Yapay Zeka ve Sinema: Geleceği Öngören 4 İkonik Film

3–5 dakika

Işık hızıyla akan ilerleme çağında, her gün geleceğin sınırındayız. İnsanlık ve makine arasındaki çizgi giderek inceliyor. Teknolojinin göz kamaştırıcı ilerleyişiyle birlikte, yapay zekanın yükselişi hem umut ve çözümü, hem de endişe verici soruları beraberinde getiriyor.
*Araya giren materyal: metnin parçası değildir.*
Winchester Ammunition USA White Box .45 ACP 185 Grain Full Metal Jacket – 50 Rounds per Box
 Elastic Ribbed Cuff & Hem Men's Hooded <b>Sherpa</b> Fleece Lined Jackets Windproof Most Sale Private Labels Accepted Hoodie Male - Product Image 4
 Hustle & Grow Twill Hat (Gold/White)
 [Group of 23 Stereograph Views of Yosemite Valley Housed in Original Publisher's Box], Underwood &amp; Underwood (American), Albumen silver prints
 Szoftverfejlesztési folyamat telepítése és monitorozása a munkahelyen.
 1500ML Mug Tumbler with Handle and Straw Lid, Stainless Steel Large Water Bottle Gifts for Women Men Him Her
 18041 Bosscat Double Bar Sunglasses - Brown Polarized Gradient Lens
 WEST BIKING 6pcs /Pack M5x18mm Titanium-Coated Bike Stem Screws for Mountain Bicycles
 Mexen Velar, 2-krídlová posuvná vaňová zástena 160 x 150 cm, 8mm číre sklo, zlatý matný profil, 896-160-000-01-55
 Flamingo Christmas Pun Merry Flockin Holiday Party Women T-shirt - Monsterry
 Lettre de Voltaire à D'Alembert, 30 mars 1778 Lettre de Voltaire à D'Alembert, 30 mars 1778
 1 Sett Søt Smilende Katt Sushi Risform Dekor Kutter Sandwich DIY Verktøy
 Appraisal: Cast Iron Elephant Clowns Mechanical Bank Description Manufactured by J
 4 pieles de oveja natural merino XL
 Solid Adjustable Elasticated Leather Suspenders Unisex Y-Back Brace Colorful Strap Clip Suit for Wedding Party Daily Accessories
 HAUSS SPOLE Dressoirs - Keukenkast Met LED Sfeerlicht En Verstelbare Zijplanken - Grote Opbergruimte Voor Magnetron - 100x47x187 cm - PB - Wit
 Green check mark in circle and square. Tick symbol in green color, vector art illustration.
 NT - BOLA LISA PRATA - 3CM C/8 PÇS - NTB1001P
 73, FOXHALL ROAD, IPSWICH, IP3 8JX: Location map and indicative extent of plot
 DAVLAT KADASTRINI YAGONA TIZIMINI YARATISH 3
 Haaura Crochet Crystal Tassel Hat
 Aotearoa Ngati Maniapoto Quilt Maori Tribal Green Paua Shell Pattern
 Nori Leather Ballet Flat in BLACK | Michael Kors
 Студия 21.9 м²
Sinema da çarpıcı ve avangart doğası gereği, bu geleceğin farklı senaryolarını, soruları ve beraberindeki öngörüleriyle beraber, gözlerimizin önüne sermeye çoktan başladı!

Yapay Zeka ve Sinema

Blade Runner’da insan olmanın gerçekten ne demek olduğunu düşündüren yeni dünya düzeni, 2001: A Space Odyssey‘de insan üstü (!) soğukkanlılık ve insani tepkiler, Ex Machina’da fazla güzel ve fazla manipülatif bir yapay zeka, Her’de ise duygusal derinlikleriyle bezenmiş dijital aşk… Hepsi, yapay zekanın yükselmesinin getirebileceği olası risklere dair bize farklı perspektifler sunuyor. Bu filmler, teknolojik devrimin insan ruhu, kimliği ve ilişkileri denklemine nasıl giriş yapacağını, birlikte yaşayacağımız geleceğin olası ahvalini gözler önüne seriyor.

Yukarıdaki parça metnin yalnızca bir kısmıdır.